The Cultural Revolution also severely retarded development of China's defense industrial base. Aircraft factories experienced profound quality-control problems as Red Guards disrupted or shut down industrial production. Development time for aircraft—even for those that were modifications of Soviet-designed MiG-19s and MiG-21s—stretched out over 10 to 15 years. Production problems caused China to scrap several aircraft projects and to recall numerous other models after they had been introduced into the fleet.
These problems continue to manifest themselves in China's aircraft production industry. The PLAAF's capabilities in most critical technologies—avionics, system integration, turbofan engines, composites, for example—remain highly underdeveloped. The Chinese recognize these shortcomings and have turned to foreign sources for assistance. Russia has been its principal foreign technology source in recent years. China's 1992 purchase of 26 Su-27 fighters, one of the world's most modern attack aircraft, cost upwards of $1 billion.
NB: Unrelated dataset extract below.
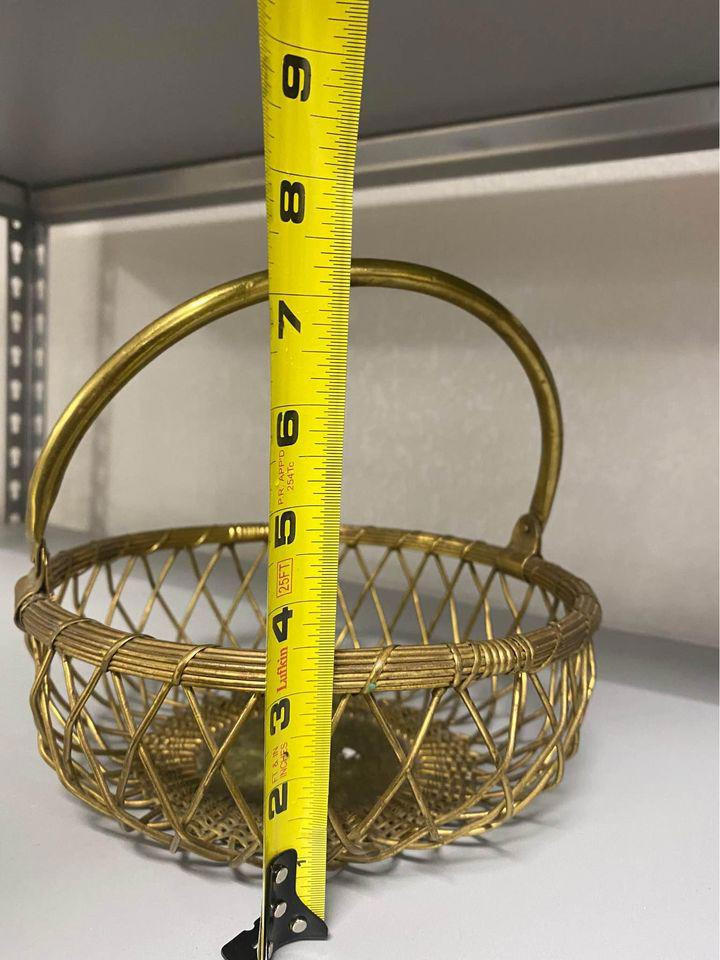 Vintage Solid 9” Brass Metal Basket with Handle 224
China's effort to develop its new multirole F-10 combat aircraft has received avionics, airframe, and radar technologies adapted from the Israeli Lavi fighter, although the precise extent of Israeli assistance remains unclear. China also turned briefly to the United States for help upgrading the fire-control system on F-8 II interceptors, but that program was suspended after the Tiananmen Square crackdown in June 1989 and was subsequently canceled.
But even with outside assistance, China remains committed to manufacturing self-sufficiency. Technology transfer has proven to be protracted, but has allowed Chinese manufacturers time to master development and production skills. However, Chinese factories today remain incapable of coproducing two different aircraft at the same time. And even if the plants were able to build sophisticated, high-tech weapon systems, it is unlikely that the air force would be able to integrate them into their forces in large numbers until well beyond the turn of the century.
Modernization costs facing the PLAAF are daunting. Buying aircraft, spares, and equipment from abroad in numbers that would make China a credible air power would be prohibitive. Creating an indigenous manufacturing capability to achieve the same objective would be even more expensive. China has neither the foreign exchange reserves to accomplish the former goal nor the internal tax base to achieve the latter.
The PLAAF also is disadvantaged competing with other services for funds to modernize. This may reflect the lack of an overall strategic vision within the PLAAF that persuasively demonstrates the role of airpower in modern warfare. It may also reflect the air force's relatively low profile in China's military hierarchy. As a result, modernization likely will be evolutionary rather than revolutionary, involving incremental technological developments and force enhancement.